By January 1, 2013, the products sold in the United States will have to meet a formaldehyde emission standards of about 0.09 parts per million. Collectively, these would be the toughest standards in the world.
In addition to establishing the national standards, this law:
• Requires third-party testing and certification to ensure that products with formaldehyde comply with the national standards; and
• Directs the Environmental Protection Agency to work with Customs and Border Protection and other relevant federal agencies to enforce the standards for imported wood products.
This legislation has broad support from the wood products industry as well as environmental, health, and labor organizations.
"This legislation helps the forest products industry and consumers in our country," said Wayne Brandt, Executive Vice President of the Minnesota Forest Industries.
North American manufacturers of composite wood products have put in place rigorous programs to meet the California rule, and nearly 100 percent of U.S. production is already California compliant. The Composite Panel Association (CPA) supports the legislation.

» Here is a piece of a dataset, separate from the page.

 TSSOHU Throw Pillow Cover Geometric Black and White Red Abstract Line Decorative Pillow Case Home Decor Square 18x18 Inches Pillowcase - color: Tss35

"This is a significant accomplishment, but enforcement is still only possible in California and not the other 49 states," said Tom Julia, President of the CPA. "Without a national standard, it will be difficult to monitor the compliance of products sold into those states, as well as those imported from around the world. CPA is pleased that Senators Klobuchar and Crapo have taken the lead to advance product stewardship, promote green jobs, and ensure a level playing field for domestic manufacturers."